Custom Cache Policies

Developers can implement custom CachePolicy objects to define bespoke versioning logic. For example, a policy could hash specific external data dependencies, or even a timestamp to force periodic invalidation.

import hashlib
from flytekit.core.cache import CachePolicy, VersionParameters # Assuming these are imported

class MyCustomFunctionHashPolicy(CachePolicy):
def get_version(self, salt: str, params: VersionParameters) -> str:
# This example policy hashes the function's name and the salt.
# In a real scenario, you might hash external data identifiers or other metadata.
if params.func:
data_to_hash = f"{params.func.__name__}-{salt}".encode("utf-8")
return hashlib.sha256(data_to_hash).hexdigest()
return ""

# Using a custom policy
# You can combine custom policies with default ones or use only custom ones.
cache_config_custom_policy = Cache(
behavior="auto",
policies=[MyCustomFunctionHashPolicy()]
)

Note: The VersionParameters object currently provides func, image, and code_bundle. For policies that need to inspect task inputs for versioning, the underlying system would need to provide access to those inputs during version generation. The ignored_inputs parameter on the Cache object handles input-based exclusion at a higher level.

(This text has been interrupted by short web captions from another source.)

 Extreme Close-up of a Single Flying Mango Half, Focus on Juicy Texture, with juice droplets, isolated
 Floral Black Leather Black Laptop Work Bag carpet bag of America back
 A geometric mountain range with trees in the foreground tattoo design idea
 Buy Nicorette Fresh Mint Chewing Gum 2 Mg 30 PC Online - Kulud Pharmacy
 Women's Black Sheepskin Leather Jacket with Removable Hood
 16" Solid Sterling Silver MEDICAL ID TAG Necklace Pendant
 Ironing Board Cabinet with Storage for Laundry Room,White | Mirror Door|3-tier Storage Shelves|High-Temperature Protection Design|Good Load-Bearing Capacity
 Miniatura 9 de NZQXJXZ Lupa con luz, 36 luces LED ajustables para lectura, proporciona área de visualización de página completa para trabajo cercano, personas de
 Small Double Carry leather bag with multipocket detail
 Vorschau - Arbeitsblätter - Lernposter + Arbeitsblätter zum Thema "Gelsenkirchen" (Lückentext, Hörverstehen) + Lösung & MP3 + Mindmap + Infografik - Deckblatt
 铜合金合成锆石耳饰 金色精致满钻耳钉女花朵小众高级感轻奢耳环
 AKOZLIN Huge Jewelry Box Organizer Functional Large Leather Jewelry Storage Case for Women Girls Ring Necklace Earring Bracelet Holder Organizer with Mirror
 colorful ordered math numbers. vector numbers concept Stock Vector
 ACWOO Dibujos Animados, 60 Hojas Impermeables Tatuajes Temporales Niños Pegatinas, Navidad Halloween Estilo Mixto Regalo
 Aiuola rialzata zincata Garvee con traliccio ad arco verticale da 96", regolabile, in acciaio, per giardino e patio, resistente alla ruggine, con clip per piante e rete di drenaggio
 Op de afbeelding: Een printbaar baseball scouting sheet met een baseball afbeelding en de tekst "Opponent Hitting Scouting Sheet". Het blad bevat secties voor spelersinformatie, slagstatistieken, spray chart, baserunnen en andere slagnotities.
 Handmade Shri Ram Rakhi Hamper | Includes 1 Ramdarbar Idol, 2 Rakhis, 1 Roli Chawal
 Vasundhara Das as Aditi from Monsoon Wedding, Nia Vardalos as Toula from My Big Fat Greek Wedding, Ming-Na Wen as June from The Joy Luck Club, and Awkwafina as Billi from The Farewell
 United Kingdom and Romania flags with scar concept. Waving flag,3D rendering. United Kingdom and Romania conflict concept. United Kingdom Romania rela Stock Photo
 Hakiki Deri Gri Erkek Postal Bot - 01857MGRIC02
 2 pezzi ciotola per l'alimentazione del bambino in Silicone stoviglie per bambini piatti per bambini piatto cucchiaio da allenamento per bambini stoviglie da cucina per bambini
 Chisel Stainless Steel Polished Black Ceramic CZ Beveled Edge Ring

Best Practices and Considerations

  • When to use version_override: Use version_override when you need absolute control over cache invalidation, such as during development iterations where you frequently change code but want to force a re-run, or when deploying a new version of a model that should always re-compute. Be cautious, as manual overrides can lead to stale caches if not managed carefully.
  • Impact of ignored_inputs: Carefully select inputs to ignore. Only exclude inputs that genuinely do not affect the task's output. Incorrectly ignoring an input can lead to incorrect cached results being reused.
  • Serialization for Concurrency: The serialize=True option is crucial for tasks that are expensive to run and frequently invoked with identical inputs concurrently. It prevents resource contention and ensures consistent results by funneling all identical requests through a single execution.
  • Performance: Caching significantly boosts performance by avoiding re-execution. However, the version generation process itself (especially complex custom policies) adds a small overhead. This overhead is typically negligible compared to the savings from avoiding task execution.
  • Debugging Cache Misses: If a task is unexpectedly re-executing, verify the behavior setting, check for changes in version_override, and inspect the policies to understand how the version hash is being generated. Changes in function body, dependencies, or even the salt can trigger a cache miss.
  • Immutability of Cached Data: Ensure that tasks produce deterministic outputs for given inputs. If a task's output can vary even with identical inputs (e.g., due to external non-deterministic factors), caching might lead to inconsistent results. In such cases, consider disabling caching or using a version_override that changes frequently.